We laid out our tarp, then our sleeping bags and crashed out behind the WaHo. Some sex was also involved, but I'll spare you the details. Lol Woke up the next morning and used the ten bucks dude had given us the night before to eat breakfast at the Waho before getting into ATL. Found out from an employee that we could catch a bus down the street from there that would take us the rest of the way to ATL and figured fuck it. Public transit is nice sometimes huh? 

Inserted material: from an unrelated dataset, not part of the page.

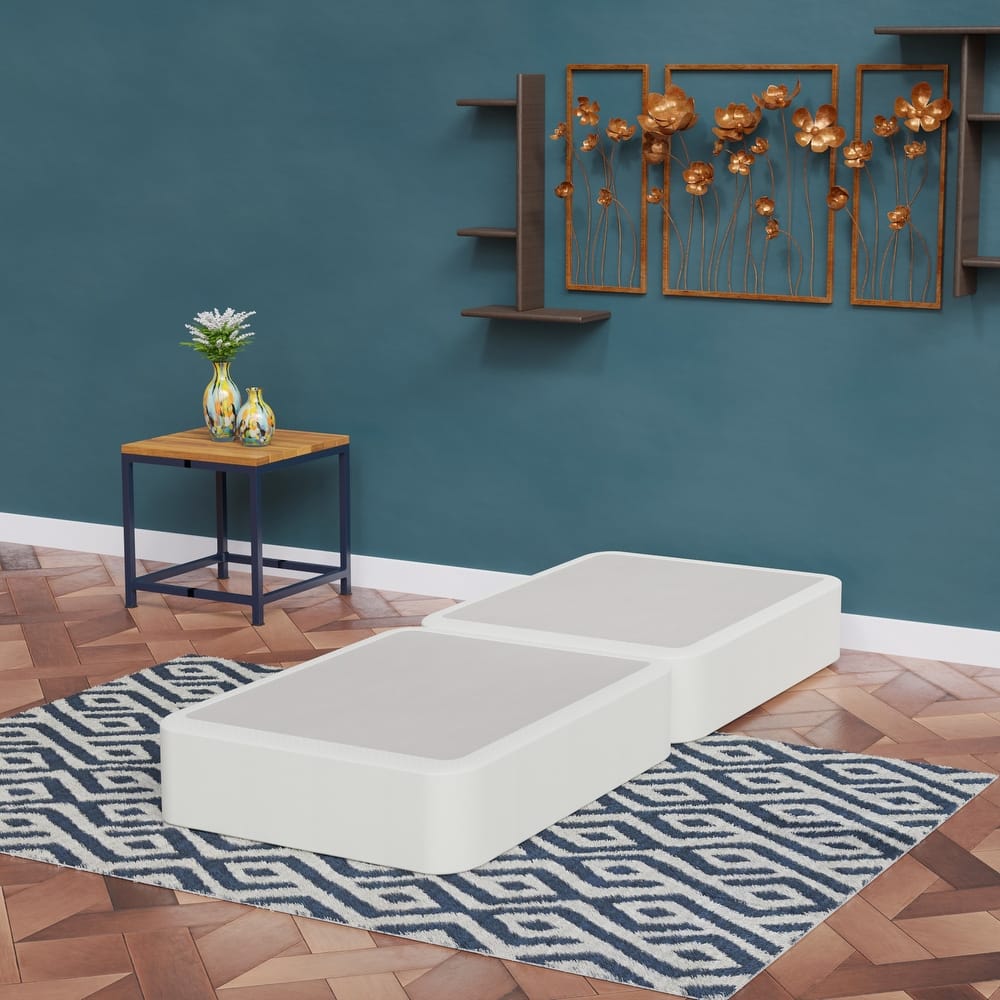 Onetan 4-Inch Wooden Box Spring, Low Profile Split Bed Foundation Ideal for Mattress, No Assembly Needed, White & black.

That's just what I wanted to share with you guys. Just some stupid shit, about some stupid city in Georgia, and how it took us officially 24 hours to hitch hike a 2 hour drive, 100 miles. Yay. We fail. The end. (Did I mention I fucking hate the south?)


----------



## Pheonix (Oct 3, 2010)

hahaha great story, your not the worst hitch hikers cause everyone has days like that. I spent 24 hours of hell hitching thru Chicago from Gary,IN to Belvidere,IL (about 100 miles) and once spent 3 days trying to hitch out of Wall,SD (tourist trap from hell) before the sheriff finally gave me and my friend a ride to a truck stop.


----------



## MiztressWinter (Oct 3, 2010)

LOL! Well that's surely comforting. Yeah it took us a good while to get out of Birmingham, Alabama too. God damn you, Birmingham.


----------



## Doobie_D (Oct 3, 2010)

did this twitch fellow happen to have a dog named grimey?


----------



## MiztressWinter (Oct 3, 2010)

No, he owns no dog lol


----------



## Danielsama34 (Oct 4, 2010)

Awesome story... Any chance the taxi gave you your ten back or did he keep it?


----------



## MiztressWinter (Oct 4, 2010)

He gave it back =)


----------



## finn (Oct 4, 2010)

24 hours for 100 miles? I can bike faster than that! But hitching is only consistently good in a few areas, nice story for your troubles.


----------



## MiztressWinter (Oct 4, 2010)

Hahahaha yeah, it sucked undoubtedly. That's why I shared the story


----------



## Diagaro (Nov 24, 2010)

Yea I cannot count the times I have thought this same thing "we are the worst hitchhikers in history!" I'm so done with hitching, freight trains FTW!
kudos for the semi ride though I've never ridden in a semi


----------



## whaleofashrimp (Nov 24, 2010)

dude..hitching shitface is just retarded..but all i all defentitly not nearly even in the bad zone for storys..jus another day in the life


----------



## Storm Smokes Rocks (Aug 16, 2011)

great story!


----------



## Waygook (Aug 17, 2011)

haha good read.


----------



## acrata4ever (Aug 17, 2011)

my mom had an uncle/cousin einstein was inbred i really dont understand the stigma. if i was that annoyed traveling id take a plane or buy a car. expect the unexpected.


----------



## fleasandlice (Sep 4, 2011)

Im from columbus, ga. Waitin on some friends to get down here and scoop me up.


----------